++++ INPUT FOR THIS TASK

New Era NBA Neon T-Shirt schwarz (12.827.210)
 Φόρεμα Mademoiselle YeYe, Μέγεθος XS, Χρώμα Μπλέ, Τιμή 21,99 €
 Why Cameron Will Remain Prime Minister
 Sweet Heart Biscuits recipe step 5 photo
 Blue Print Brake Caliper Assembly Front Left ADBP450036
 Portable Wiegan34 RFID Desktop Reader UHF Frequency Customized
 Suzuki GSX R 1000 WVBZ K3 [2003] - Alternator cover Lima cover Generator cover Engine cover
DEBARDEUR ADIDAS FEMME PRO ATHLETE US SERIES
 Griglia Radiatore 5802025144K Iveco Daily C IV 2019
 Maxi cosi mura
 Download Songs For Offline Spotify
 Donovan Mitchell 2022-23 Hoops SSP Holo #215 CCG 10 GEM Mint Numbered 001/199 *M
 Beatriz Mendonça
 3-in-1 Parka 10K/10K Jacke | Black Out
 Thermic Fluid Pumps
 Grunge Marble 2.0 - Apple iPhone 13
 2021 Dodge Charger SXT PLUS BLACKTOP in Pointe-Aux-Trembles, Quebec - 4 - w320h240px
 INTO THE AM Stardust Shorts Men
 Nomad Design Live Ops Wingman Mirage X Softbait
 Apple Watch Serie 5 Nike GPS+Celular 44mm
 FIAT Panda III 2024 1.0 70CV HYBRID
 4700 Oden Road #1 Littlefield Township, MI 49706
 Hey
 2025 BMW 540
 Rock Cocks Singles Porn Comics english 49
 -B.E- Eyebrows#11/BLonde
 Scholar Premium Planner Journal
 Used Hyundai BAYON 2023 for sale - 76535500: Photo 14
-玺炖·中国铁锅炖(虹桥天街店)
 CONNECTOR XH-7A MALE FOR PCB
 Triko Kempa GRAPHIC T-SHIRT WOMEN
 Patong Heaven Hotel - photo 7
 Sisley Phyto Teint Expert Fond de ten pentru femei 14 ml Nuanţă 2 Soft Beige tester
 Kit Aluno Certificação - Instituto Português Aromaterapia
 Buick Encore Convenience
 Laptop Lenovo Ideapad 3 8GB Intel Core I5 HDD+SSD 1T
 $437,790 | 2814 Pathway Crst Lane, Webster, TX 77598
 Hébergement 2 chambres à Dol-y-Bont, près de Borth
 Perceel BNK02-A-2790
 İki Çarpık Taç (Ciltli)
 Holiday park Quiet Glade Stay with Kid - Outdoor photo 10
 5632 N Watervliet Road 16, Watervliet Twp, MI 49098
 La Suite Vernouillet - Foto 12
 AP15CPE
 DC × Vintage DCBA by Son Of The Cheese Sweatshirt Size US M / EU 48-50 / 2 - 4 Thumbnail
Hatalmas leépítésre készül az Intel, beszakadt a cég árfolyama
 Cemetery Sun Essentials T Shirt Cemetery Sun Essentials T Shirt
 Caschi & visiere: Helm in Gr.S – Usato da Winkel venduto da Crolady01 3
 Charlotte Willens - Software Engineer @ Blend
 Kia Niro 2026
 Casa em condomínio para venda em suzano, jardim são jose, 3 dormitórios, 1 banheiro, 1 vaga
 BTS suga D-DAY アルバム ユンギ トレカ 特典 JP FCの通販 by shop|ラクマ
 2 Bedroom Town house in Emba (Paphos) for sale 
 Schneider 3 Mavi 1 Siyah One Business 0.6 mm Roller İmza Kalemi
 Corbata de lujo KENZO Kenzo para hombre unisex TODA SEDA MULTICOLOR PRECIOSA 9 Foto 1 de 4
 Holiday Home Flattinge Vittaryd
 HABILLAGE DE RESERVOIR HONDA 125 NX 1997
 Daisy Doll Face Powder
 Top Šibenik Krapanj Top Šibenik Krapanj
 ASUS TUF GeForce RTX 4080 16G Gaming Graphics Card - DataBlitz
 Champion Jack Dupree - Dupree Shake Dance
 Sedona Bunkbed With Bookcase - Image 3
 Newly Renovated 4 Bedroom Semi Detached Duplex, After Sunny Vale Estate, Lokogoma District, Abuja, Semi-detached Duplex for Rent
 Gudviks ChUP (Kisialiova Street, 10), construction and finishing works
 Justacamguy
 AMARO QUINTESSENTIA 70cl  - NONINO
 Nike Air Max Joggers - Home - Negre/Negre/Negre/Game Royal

++++++++

[ASSIGNMENT]
Search the entries above for lines holding the string "Bedroom", then report only how many there are.

[TASK RESULT]
2